Und tatsächlich erschien sein Mann alsbald mit Gnaeus Domitius Ahenobarbus im Schlepptau. Bedacht auf einen eindrucksvollen Auftritt hatte Caesar sich in einen Erker in der Hauswand gestellt so, dass man ihn nicht erkennen konnte. Und so trat er keine zwei Schritt vor Ahenobarbus in die Gasse, die gerade mal breit genug war, dass zwei Männer nebeneinander in ihr stehen konnten.
"Salve, Gnaeus Domitius und Danke für dein Erscheinen. Bitte verzeihe mir was für einen Ort ich dir zumuten muss" begrüßte Caesar sein Gegenüber und nahm für einen Augenblick seine Kapuze zurück, sodass man sein lächelndes Gesicht erkennen konnte
"Und verzeihe mir die unangenehme Gesellschaft die ich dir ebenfalls zumuten muss. Und in Anbetracht dessen, denke ich, dass dir der Ort unseres Treffens sicherlich doch zusagen wird."Caesar gab seinem dritten Mann, der noch immer an der Seite Domitius' stand ein Zeichen, so dass dieser sich ein paar Schritte von den beiden Politikern entfernte.
"Wir sprechen mehr als nur selten miteinander und ich wage zu behaupten, dass wir beide, ganz aus dem Impuls heraus, sagen würden, dass auch diese mehr als seltenen Gelegenheiten sich immer noch viel zu oft ereignen. Aber ich glaube, dass dies ein Fehler ist, Gnaeus. Ein Fehler den ich zu lange zu bereitwillig begangen habe."Caesar machte eine Pause in der er sich nachdenklich ans Kinn fasste.

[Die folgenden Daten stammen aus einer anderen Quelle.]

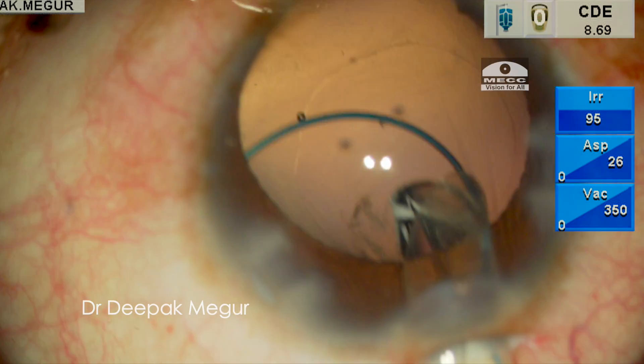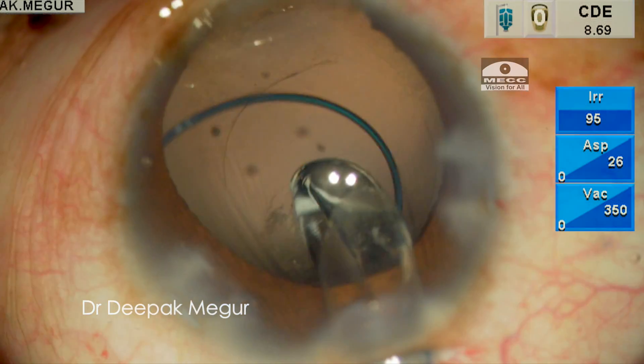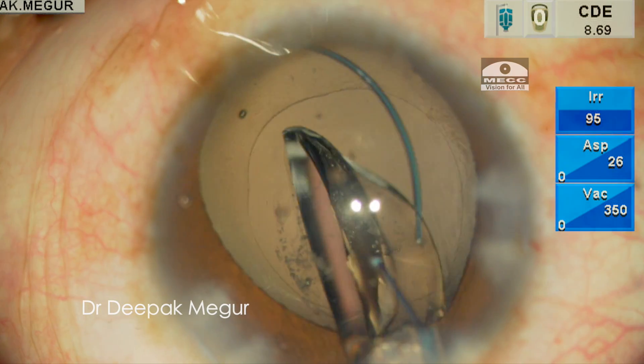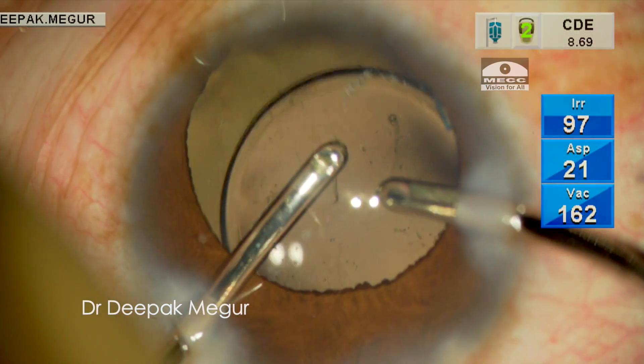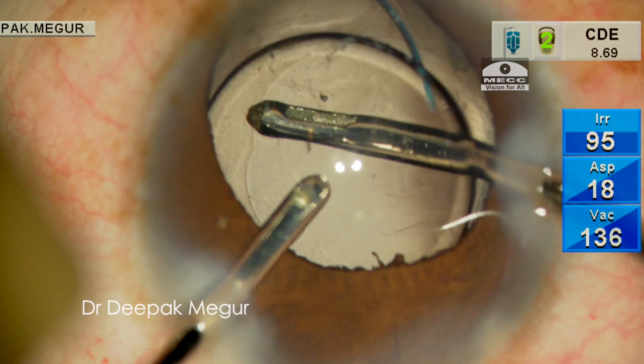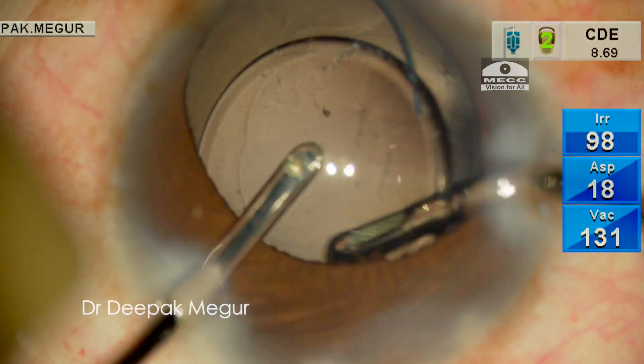Finally, a multi-piece hydrophobic intraocular lens is placed in the bag. The OVD both in front and behind the lens is gently aspirated, and that's it — the case is done.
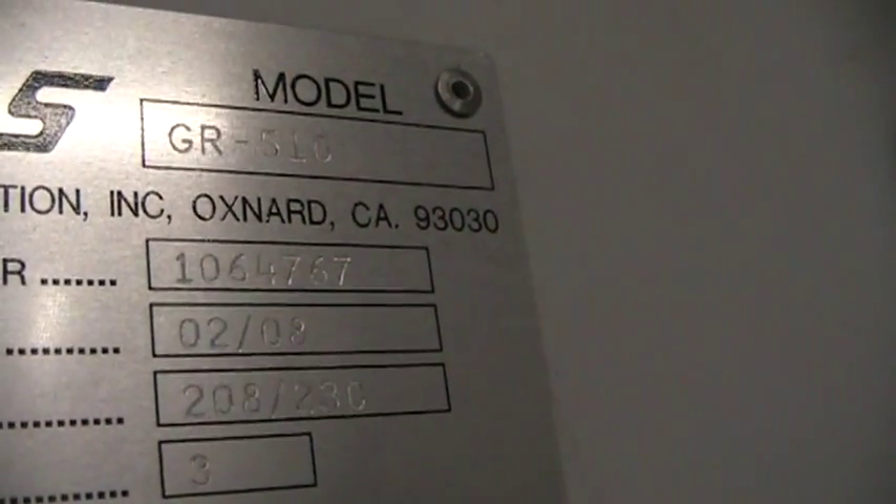We'll get the serial number — serial number 1064767, manufactured in 02 of 2008.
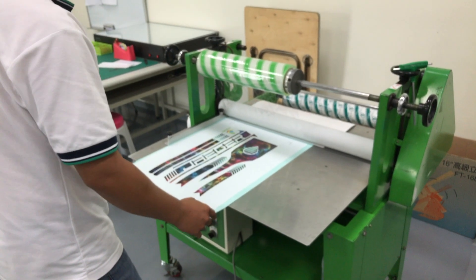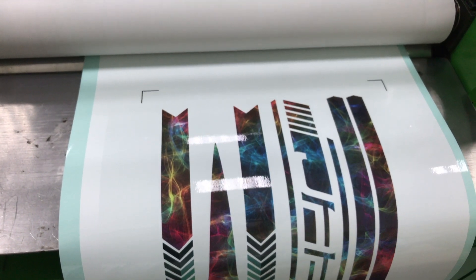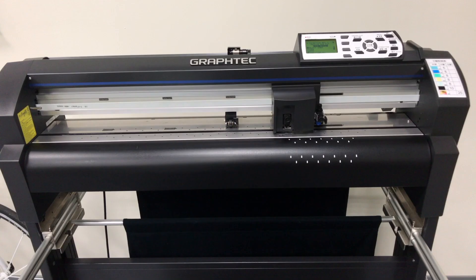The clear coat is applied and after that the covering film is applied. Each sticker in the set needs to be cut out individually.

"Hippokrates lehrt uns, dass Gesundheit und Physiologie unseres Körpers durch das Zusammenspiel von vier Säften[8], die essentieller Bestandteil eben dieses Körpers sind, bedingt wird. Gibt es ein Ungleichgewicht zwischen diesen Säften, so prägt sich dies in einem Gebrechen aus. Und solch ein Gebrechen wird behandelt in dem man sich bemüht dem Ungleichgewicht der Körpersäfte entgegenzuwirken. Und das ist hier das Entscheidende, es geht um Harmonie und nicht darum etwas aus dem Körper heraus zuschneiden, etwas zu entfernen. Man sich dieser Säfte entledigen, doch ich kenne niemanden der ohne Blut zu Leben vermag, wenn du verstehst. Der Arzt muss die weitere Entwicklung also in die richtige Bahn lenken, so dass sich wieder ein Säfte-Gleichgewicht einstellen kann, dass der veränderten Lebenssituation angemessen ist. Was hältst du davon, Gnaeus?"